- Born: July 27, 1881 Kristiania (now Oslo), Norway
- Died: May 18, 1952 (aged 70)
- Occupations: Singer; actor;

= Reidar Kaas =

Norwegian singer and actor (1881–1952)

Reidar Kaas (July 27, 1881 – May 18, 1952) was a Norwegian opera singer and actor.

==Career==
Kaas was a baritone. He took singing lessons with Raimund von zur-Mühlen in London and the tenor Ernesto Colli (1866–1928) in Milan. Kaas performed at La Scala in Milan, the Carlo Felice Theater in Genoa, and opera houses in Poznań, Hamburg, London, and Oslo. Kaas also appeared in film roles. He made his debut in the silent film Paria in 1916 as Doctor Berner.
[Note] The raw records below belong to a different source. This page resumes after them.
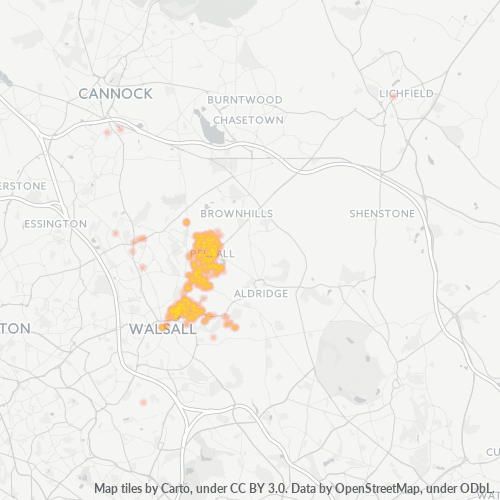 Concentració d'empreses a Codi Postal WS4 - Walsall, Anglaterra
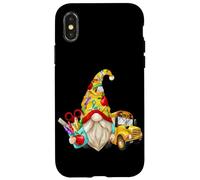 Carcasa para iPhone X/XS Cute Teacher GNOME with Big Yellow Bus For School Bus Driver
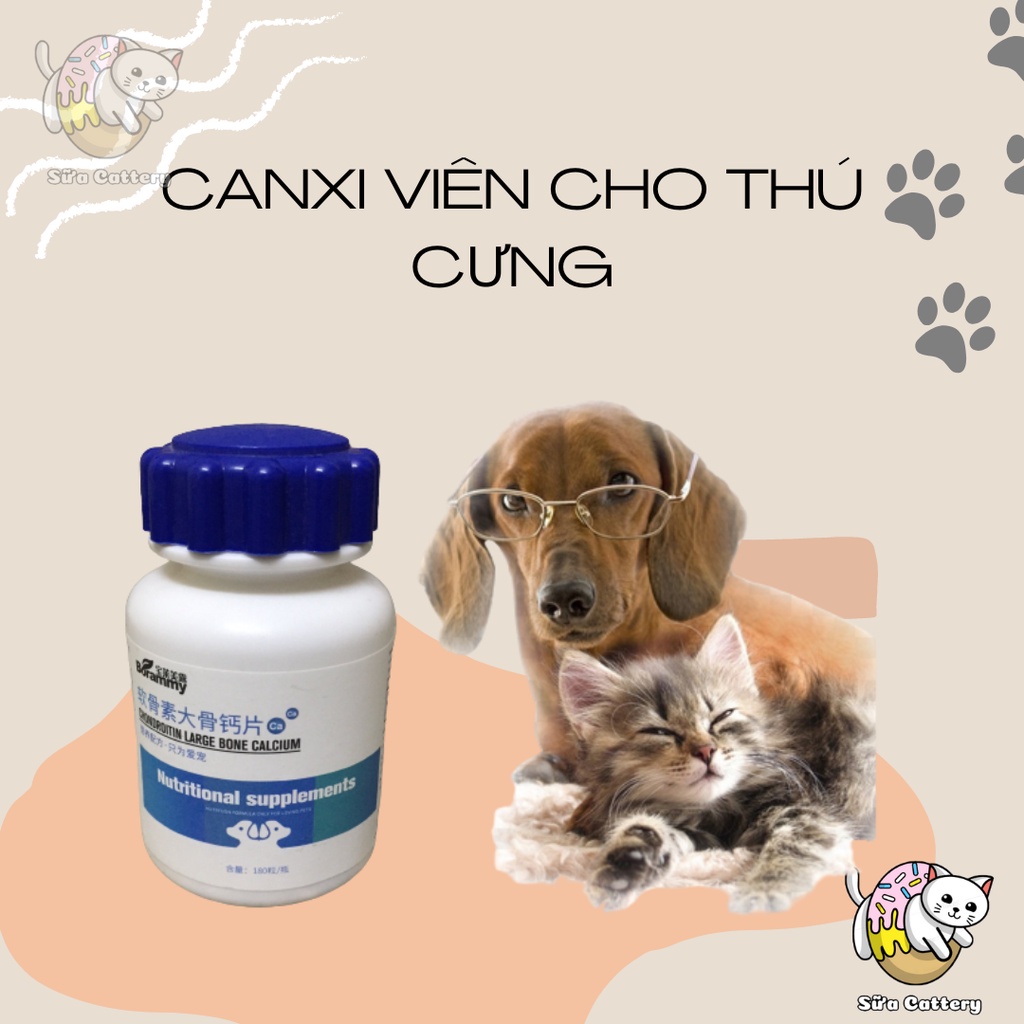 Canxi cho chó mèo, hỗ trợ chắc xương, calcium, vitamin -trị thiếu canxi cho chó mèo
In 1932, he played a Gypsy chief in the film Fantegutten, which was his last film role.

==Filmography==
- 1916: Paria as Berner, a doctor
- 1932: Fantegutten as Parkas, a Gypsy chief

==Family==
Kaas was born in Oslo, the son of the wholesaler Christian Oluf Andresen (1850–1890) and Aagot Theodosia Kaas (1854–1919). In 1906, he married Eli Tandberg (born March 12, 1885), the daughter of the landowner Gudbrand Tandberg and Caroline Kristine Cortsen. They had a son, Gudbrand Kaas.